Sometimes when we scrape the web, we need to automate our computer to open a web browser to gather information from each page. This is especially true when the site we want to scrape has content that is loaded dynamically with javascript.

We will solve this by installing Google Chrome and using a tool called Chromedriver. The former has to be installed manually, but the latter will be handled by a very handy Python package we have already installed (chromedriver-autoinstaller).

Installing this stuff is operating system specific, hence so are the instructions below.

Department Managed Laptops

Head over to the Sofware Center and install Google Chrome.

Mac Users

We need an up to date version of the web browser Google Chrome. We will install it via Homebrew. Enter the following into the terminal and hit Return:

brew install --cask google-chrome

Verify the install:

google-chrome --version

which should yield output similar to:

Google Chrome 103.0.5060.53

Linux Users

We need an up to date version of Google Chrome and some additional linux packages.

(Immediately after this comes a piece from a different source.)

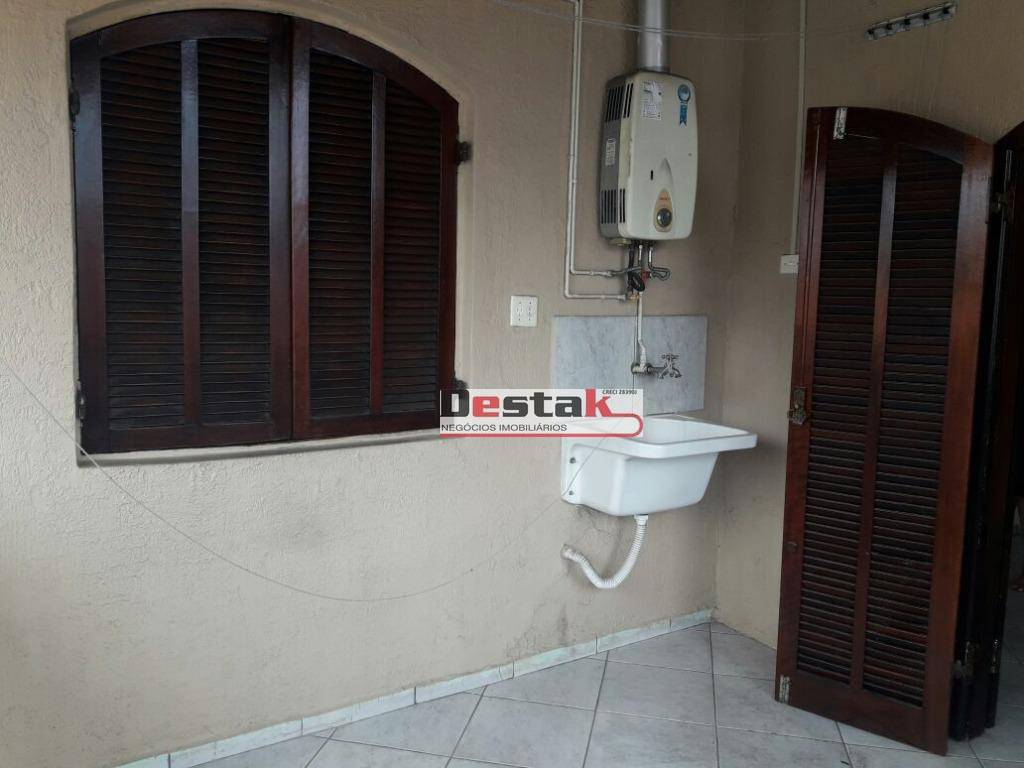 Sobrado à venda com 2 quartos, 105m² - Foto 10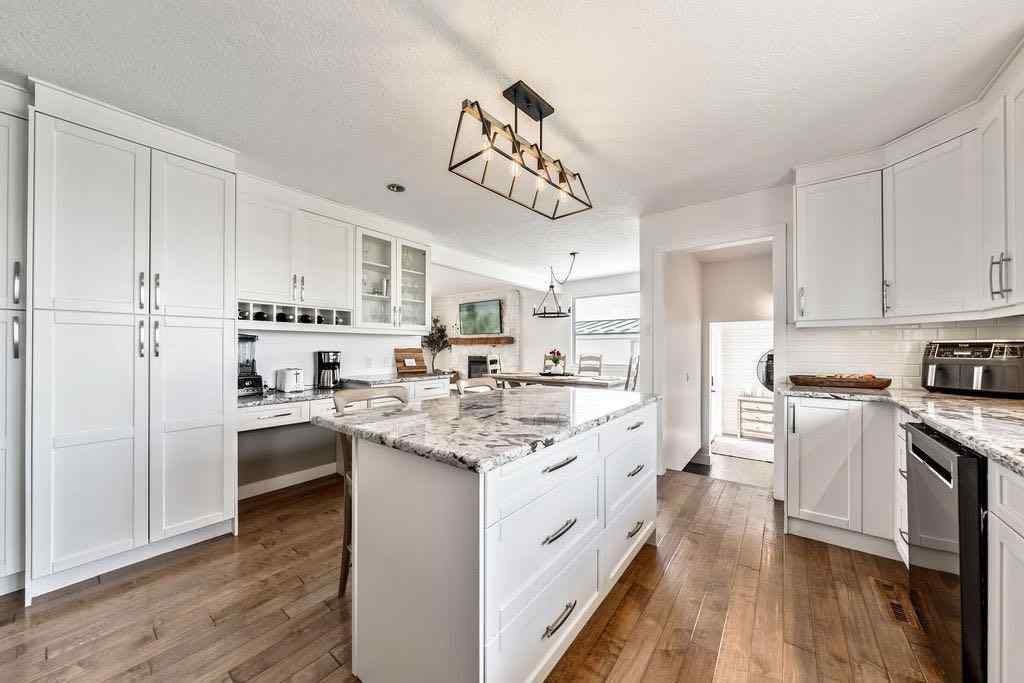 MLS® A2230469 - 562124 40 Street E in NONE Rural Foothills County, Residential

First add the additional linux packages by entering the following into the terminal:

sudo apt-get install libxss1 libappindicator1 libindicator7

Now let's download the latest stable version of Google Chrome using the terminal:

wget https://dl.google.com/linux/direct/google-chrome-stable_current_amd64.deb

And now install it:

sudo dpkg -i google-chrome*.deb
sudo apt-get install -f

Verify the install:

google-chrome --version

which should yield output similar to:

Google Chrome 103.0.5060.53

Windows Users

Everyone with admin right can install Google Chrome with:

winget install -e --id Google.Chrome

Verify the installation by opening Chrome.